> **Information provided**
++++++++

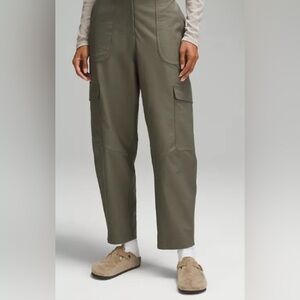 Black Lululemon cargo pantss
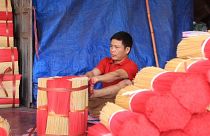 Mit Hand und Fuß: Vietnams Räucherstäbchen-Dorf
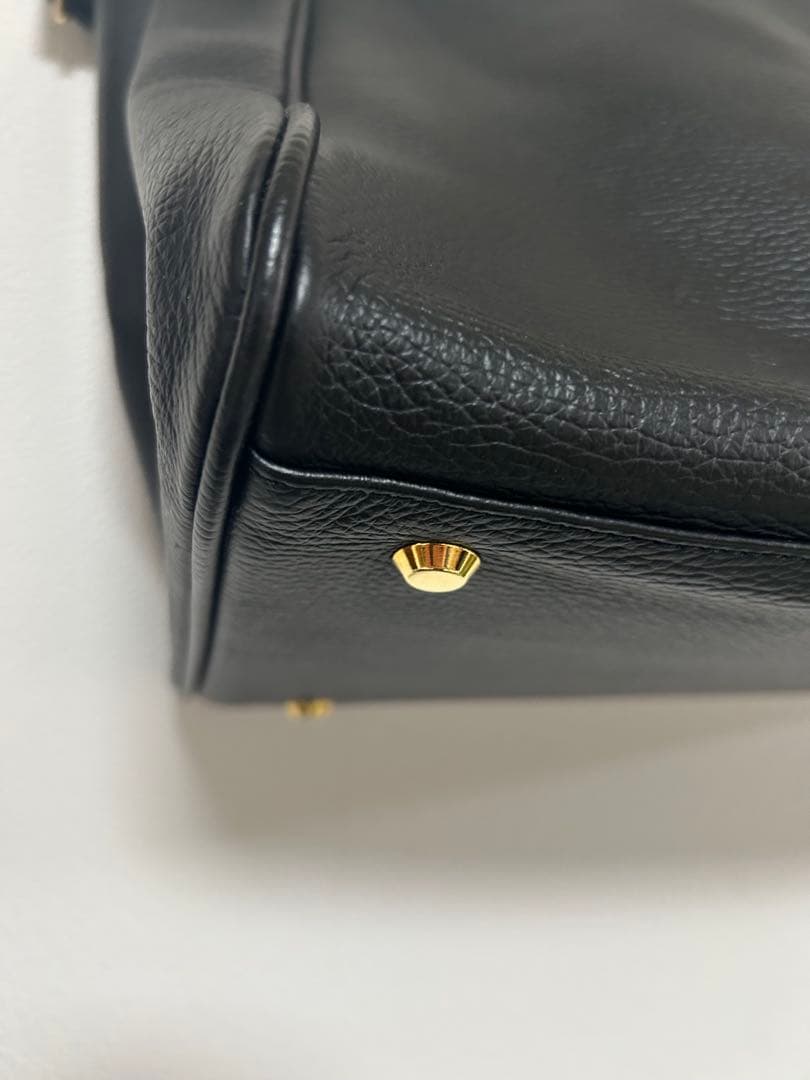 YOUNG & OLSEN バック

++++++++

> **Exercise**
Without including any picture, set down the listing above exactly as it appears.

> **Written response**
 Black Lululemon cargo pantss
 Mit Hand und Fuß: Vietnams Räucherstäbchen-Dorf
 YOUNG & OLSEN バック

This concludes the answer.